王祥貴巡護的林子,分布在十來個山頭上,距離遠、戰線長。
“上任”之初,王祥貴給自己定了規矩:每周都要把林區巡護一圈。
他把責任林劃為七個片區,開始了每天“兩頭黑”的生活——清晨六點起床,用牙銜著電筒上山﹔巡護完,天黑了,他又銜著電筒下山。
1993年的一天,王祥貴直到深夜才回家。
一進家門,妻子簡梅香就發現丈夫“有問題”——他渾身泥土,頭破了,左側褲腿上還有血漬。
“啷個了喲?”她湊上去。
原來,那天下午,王祥貴巡護到中岺山附近時,突然左腳一緊,整個人向前扑倒。
“砰”的一聲,王祥貴的頭結結實實撞到地上,血流如注。
他一回頭,發現左腳陷進一個捕兔用的鐵絲圈套。
荒郊野嶺,一個殘疾人怎麼脫險?
“還是自己解決吧!”王祥貴努力吸氣提臀,憑借上身力量一寸寸向圈套移動。
“像豬兒虫一樣”爬到圈套附近后,他轉身坐起,用牙齒脫掉右腳鞋襪,然后用腳趾夾緊鐵絲,慢慢解開了圈套。
聽丈夫說完,簡梅香淚如泉涌。
“你沒得手,啷個干得下來喲!”她抱著丈夫大哭。
“我給村黨支部保証了,一定能干下來!”王祥貴傻笑著安慰妻子。
就這樣,一年、兩年、三年……他真的咬牙干了下來。
其間,王祥貴碰到的困境是常人想象不到的——
那時,進山隻有泥巴小路,灌木叢生。
健全人用手一扒拉也就過了,他卻隻能低下頭,從蒿草和刺藤間硬擠過去。
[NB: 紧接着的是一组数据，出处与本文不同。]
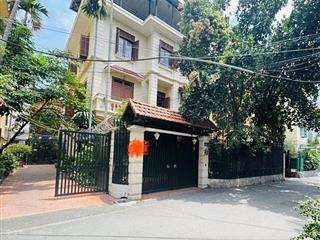Bt quảng khánh  tây hồ, 210m2 4t 75tỷ, ô tô tránh, 20m ra hồ tây lộng gió, yên tĩnh, hưởng thụ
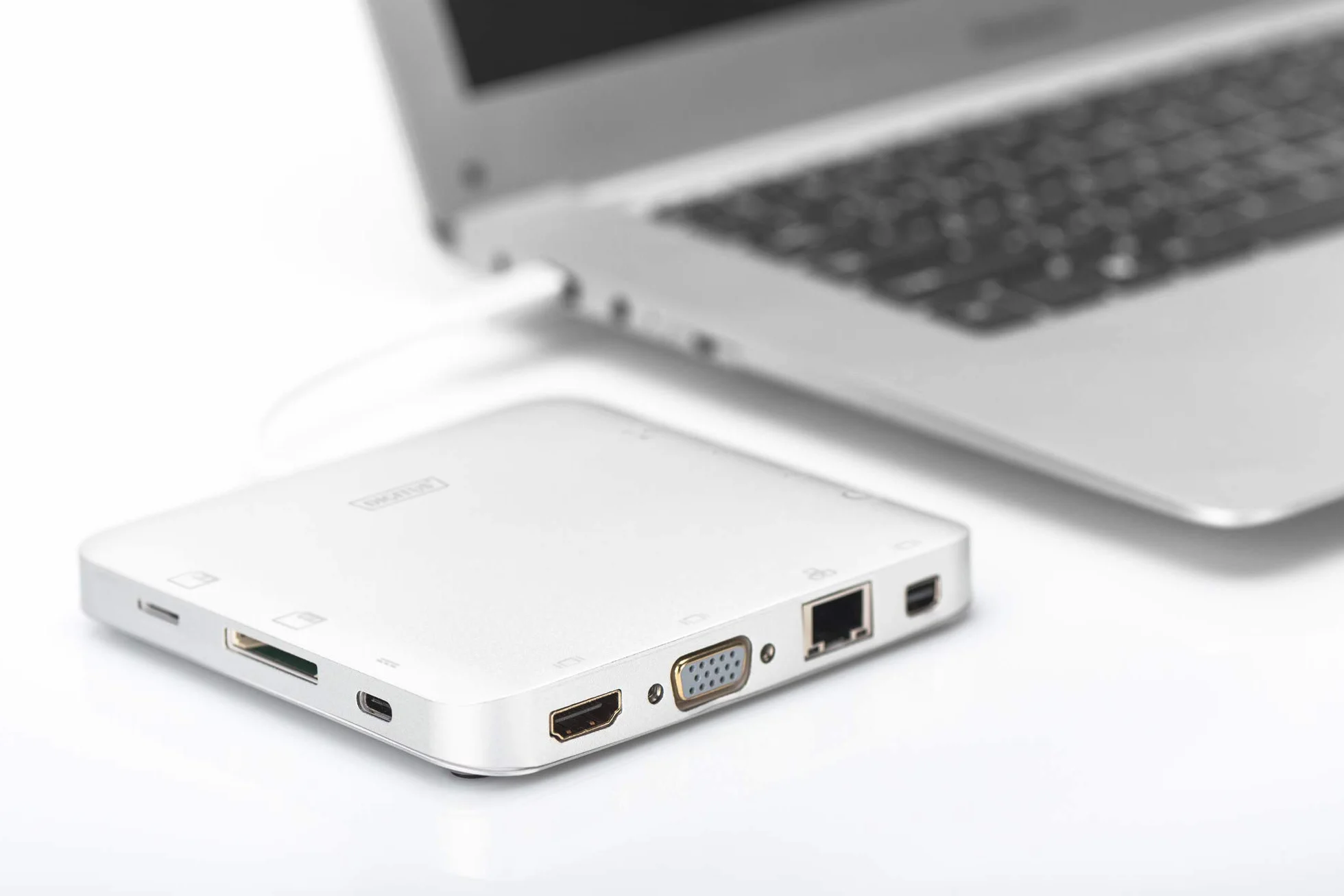 DIGITUS USB-C Multisportowa Stacja Dokuj?ca - 11 Portów - HDMI, mDP, VGA (4K@30Hz) - USB 3.0 / 2.0, Type-C - RJ45 LAN, Jack Audio, Czytnik Kart - Srebrny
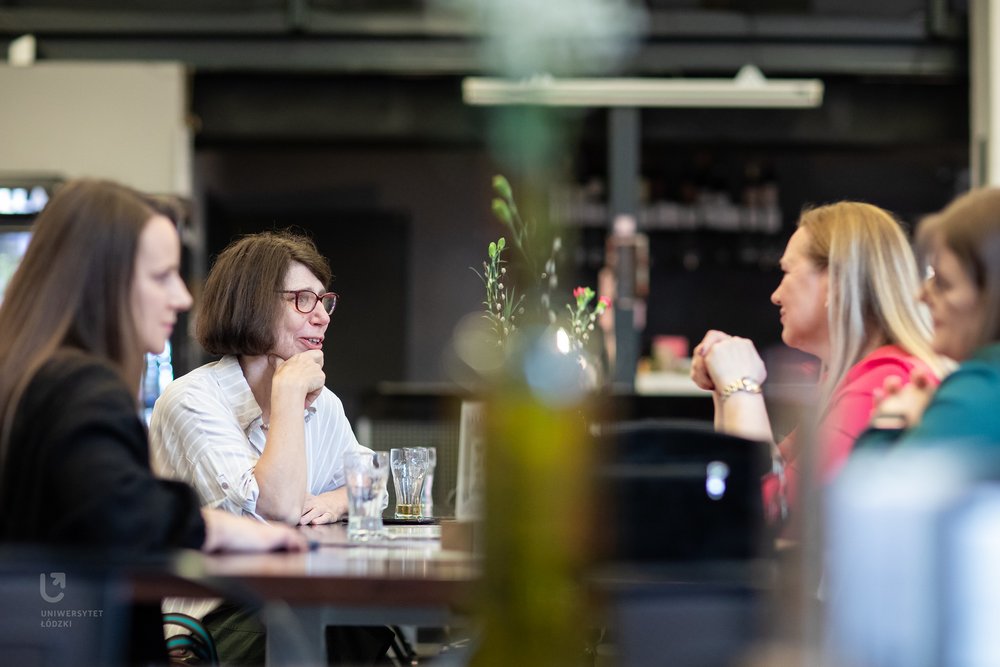 rozmowy podczas śniadania prasowego UŁ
為此,他身上不知道劃了多少個口子。
一到夏天,金銀山就成了昆虫樂園。王祥貴常被咬得滿身疙瘩,卻不能用手撓。痒極了,他就往樹上蹭,“這是跟野豬學的——磨皮擦痒!”
每年11月間,鬆樹開始落葉。鬆針下面全是稀泥,他的硬底布鞋摩擦力弱,一踩就滑,“別人滑一下,可以用手撐地,不會痛﹔我滑一下,直接就碰到地上,痛得很”。
“自從當上護林員,我就開始和大山‘打仗’。”王祥貴這樣形容。
鐵面“山神”
——“身體殘了,心不能殘!”
上世紀八九十年代,天然氣尚未普及,酉陽當地連燒煤炭都很奢侈,群眾經常上山砍樹拾柴﹔不少人還盯上了木材市場連年走高的行情,頻頻上山盜伐林木。
對護林員來說,那些日子“烽火連天”。
1992年的一天深夜,一群黑影潛入鬆林。
接到舉報,護林員全部出動。
到現場一瞧,對方竟然有20多個人,全是壯漢。
再瞧己方——兩個健全護林員,都已經年近六旬﹔33歲的年輕護林員倒是有一個,卻沒有雙手。
雙方力量懸殊,王祥貴卻毫無懼色。
“不准砍樹!”王祥貴一聲大喝,沖到盜伐者和鬆樹之間。
“你個殘廢,狂什麼狂?”
“我是替國家做事,死了也光榮!”
…………
嚇不退王祥貴,盜伐者急了——他們一把推開王祥貴,硬闖下山。
記下了盜伐者的行蹤,王祥貴立即跑到縣政府報告。
根據他提供的線索,盜伐者很快被全部抓獲。
那些年,王祥貴和同事們阻止盜伐行為近千起,抓獲盜伐者上百人次,金銀山從未發生過一起嚴重盜伐案件。
“硬碰硬”贏不了,盜伐者有時也來“軟”的。
2003年,一個外地老板想用桉樹皮熬膠,於是找到王祥貴,希望和他合作“發財”。
老板給的條件很誘人:報酬4000元,“暗箱操作”。
“別人不知道,但是我的良心知道!”王祥貴扭頭而去。
當時,王祥貴一個月的補貼才200元——當護林員頭10年,王祥貴每月的報酬僅60元,以后慢慢漲到200元、800元。去年,他每月才拿1500元。
其間,他拒絕的利誘少說也有四五十次。
“有‘大錢’不拿,你傻呀!”有人笑他“迂”。
“身體殘了,但是心不能殘!”他笑著說。
“金銀”滿山
——“森林是有感情的,你愛護它,它就會給你回報!”
巡護山林,王祥貴有時很“硬”,有時也會“軟”。
“讓群眾愛護林子,你一定要‘軟’——不‘軟’,就不能服人。”王祥貴說。
2004年清明節,天還沒亮,王祥貴全家就進了山。
他們都有“戰斗任務”——兩個女兒和一個兒子守進山路口,王祥貴和妻子“守墳頭”。
殯葬改革前,金銀山分布著不少墳墓——逢年過節,有大批鄉親上山祭奠。
如何讓人們不進山用火?
王祥貴的回答就一個字:“勸”——
發動全家守住各個進山路口,對進山群眾進行防火宣傳。
將防火宣傳標語貼到墳頭上,並在墳墓周圍挖掘防火帶。
在進山干道兩側,用石灰寫滿大字標語。
…………
那些年,這個護林員之家把守路口墳頭的畫面,成為一道感人的風景。
2005年,縣林業局號召全縣林業系統學習這種精神,還取了一個很有魄力的名字——“守墳頭精神”。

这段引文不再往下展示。